* PROBLEM STATEMENT: Your answer must consist only of the lines from the start of the entries through the line that holds "Os padrões de", copied exactly, with no pictures.

[Dataset excerpts]

Content starts

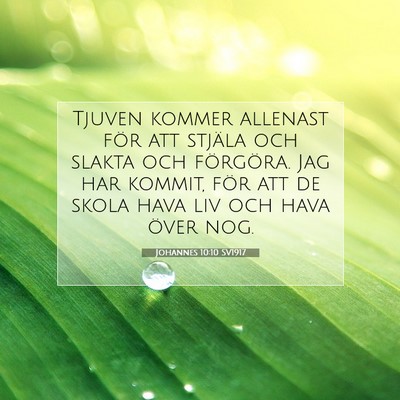 Picture 07 - Johannes 10:10 SV1917 - Tjuven kommer allenast för att stjäla och - Bible Verse Picture
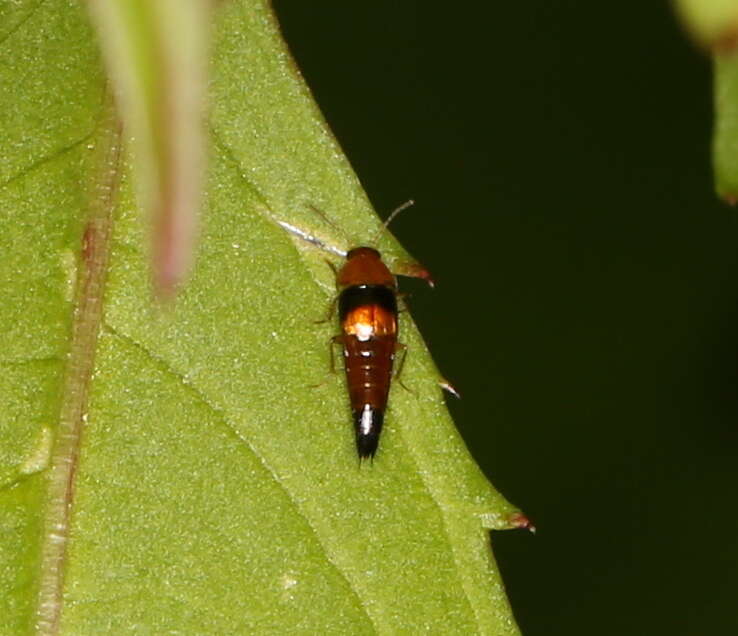 Plancia ëd Tachyporus obtusus (Linnaeus 1767)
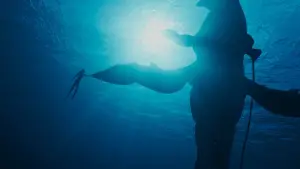 Задник до фильму"" #394956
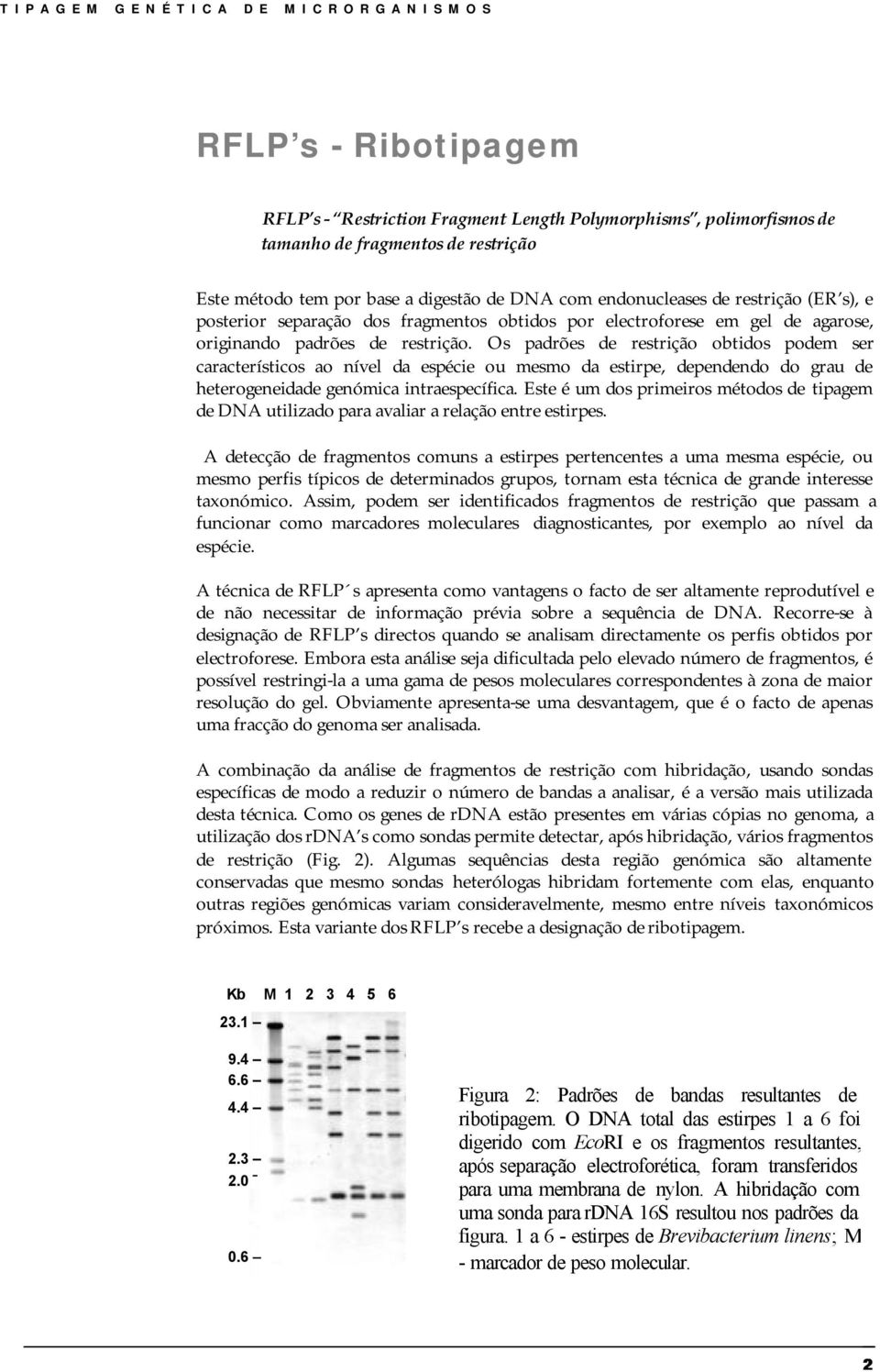 Os padrões de restrição obtidos podem ser característicos ao nível da espécie ou mesmo da estirpe, dependendo do grau de heterogeneidade genómica intraespecífica.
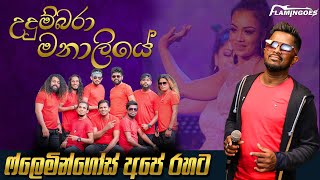 Udumbara Manaliye උදුම්බරා මනාලියේ  Live Performance With Ahungalla Flamingoes [upl. by Vinna]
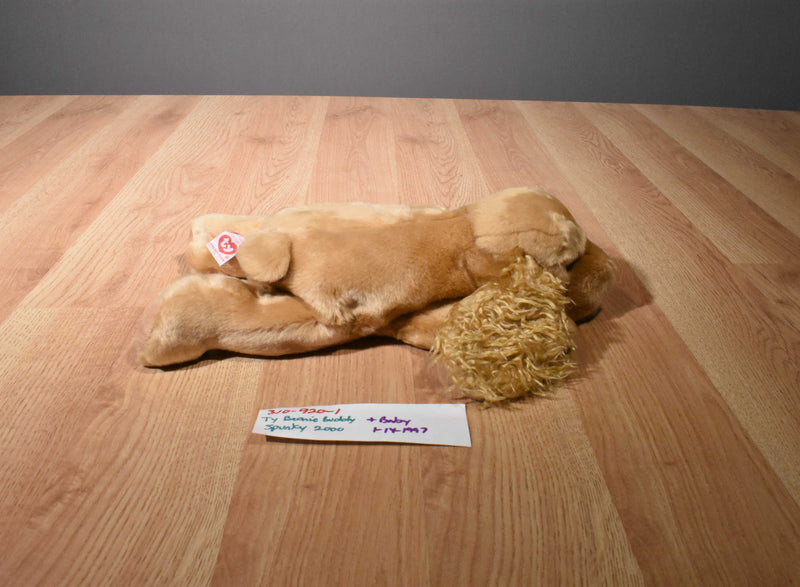 Ty Buddies 2000 and Babies 1997 Spunky the Cocker Spaniel Beanbag Plush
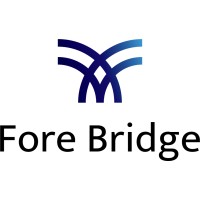 Fore Bridge Co., Ltd. logo - Similar company to Stipnetz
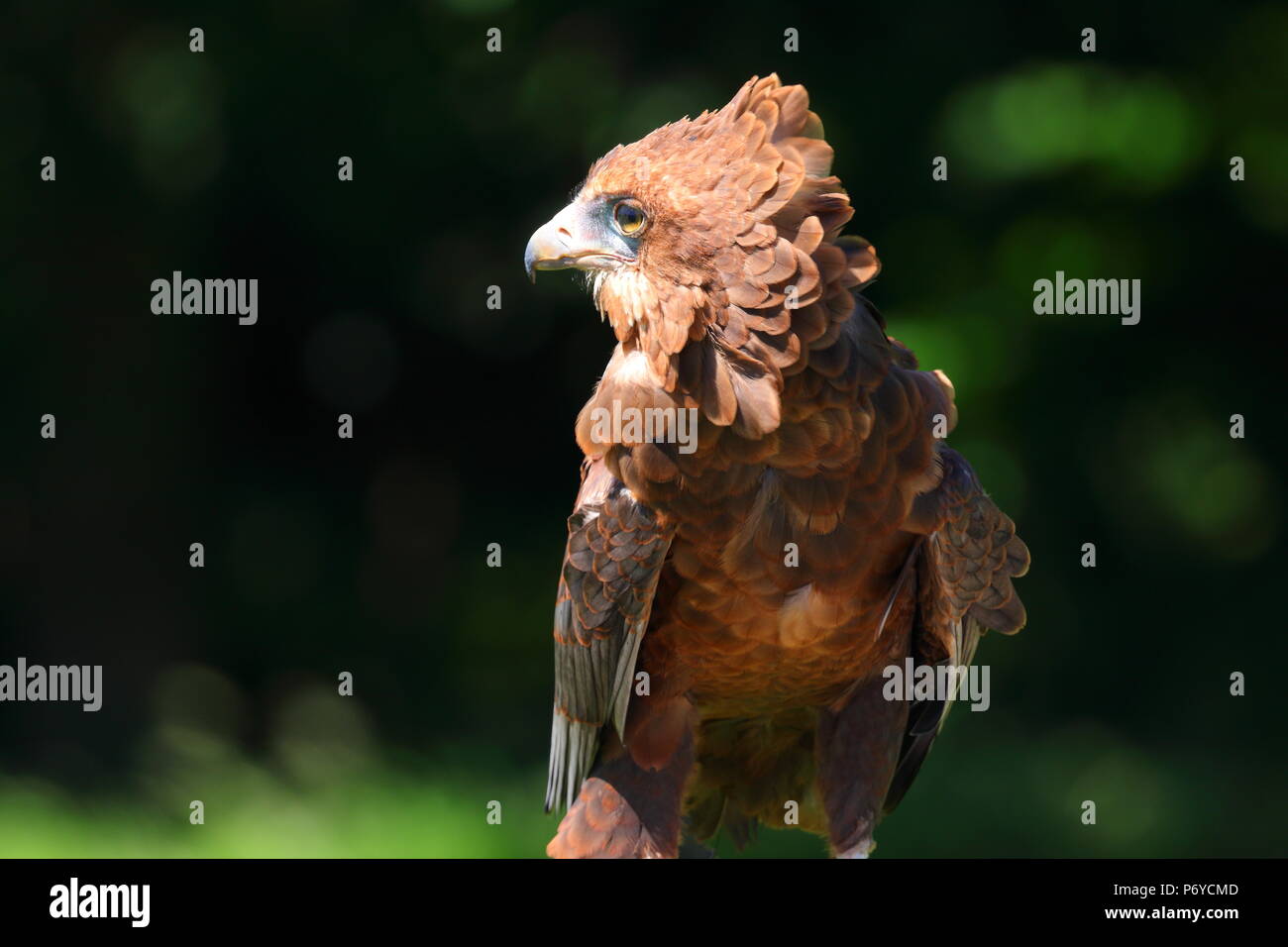 A Bachelor Eagle at Paradise Park in Hayle, Cornwall on display at one of their Eagle shows. Stock Photo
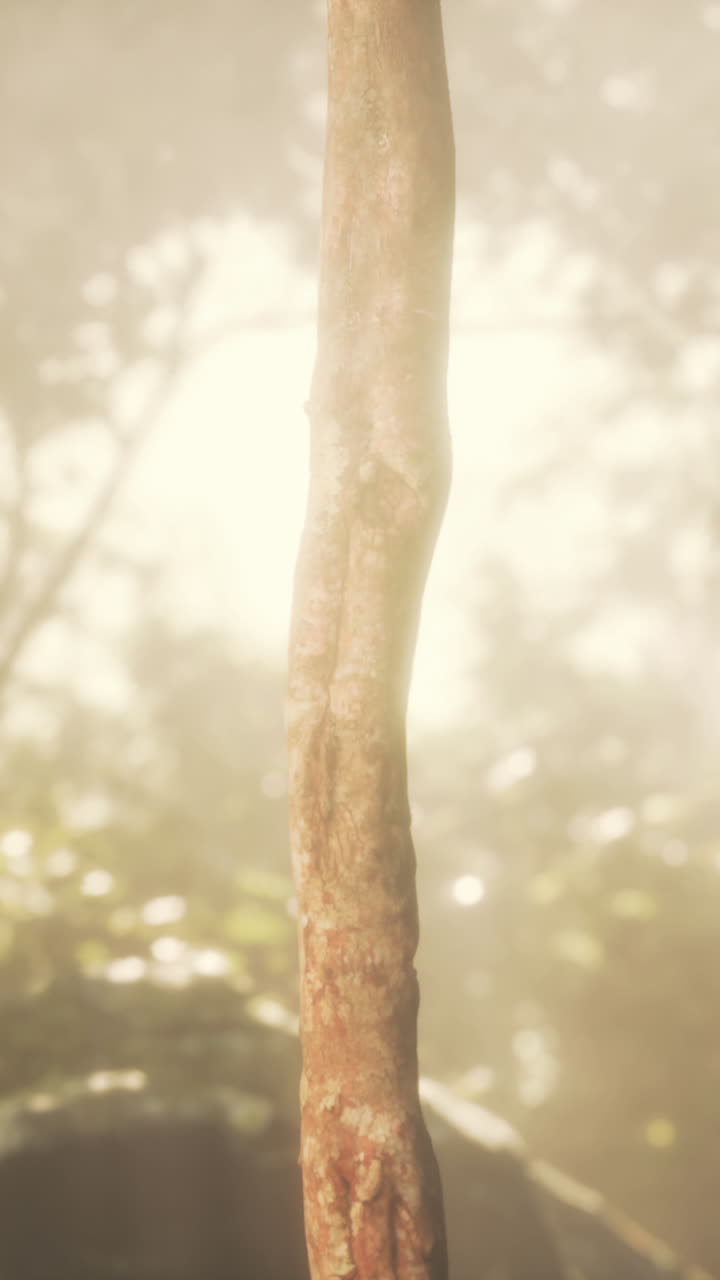 안개 숲 에 있는 나무 줄기 의 클로즈업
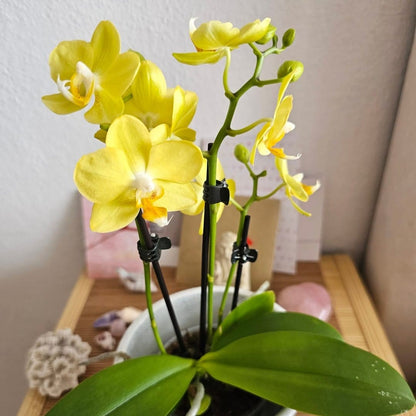 Table Dance La Paz mit gelben Blüten und 2 Rispen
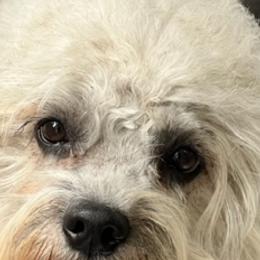 Effie - Dandie Dinmont Terrier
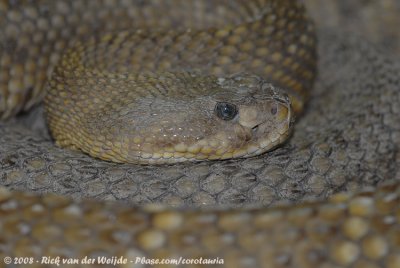 Basiliekratelslang / Mexican West-Coast Rattlesnake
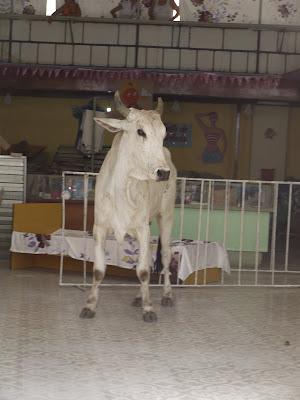 Un toro en 20 de mayo.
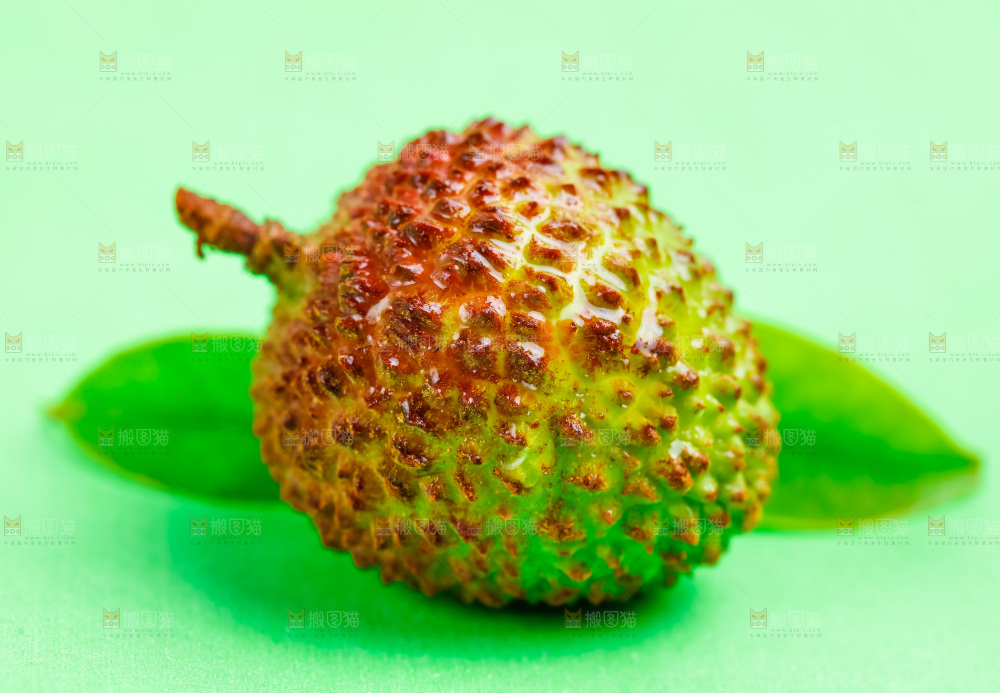 绿底上放着妃子笑荔枝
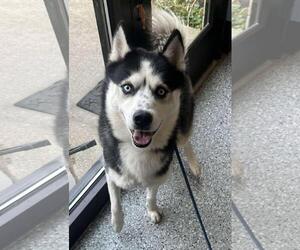 Medium Huskies  Mix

Content ends

* COMPLETED TASK:
 Picture 07 - Johannes 10:10 SV1917 - Tjuven kommer allenast för att stjäla och - Bible Verse Picture
 Plancia ëd Tachyporus obtusus (Linnaeus 1767)
 Задник до фильму"" #394956
 Os padrões de restrição obtidos podem ser característicos ao nível da espécie ou mesmo da estirpe, dependendo do grau de heterogeneidade genómica intraespecífica.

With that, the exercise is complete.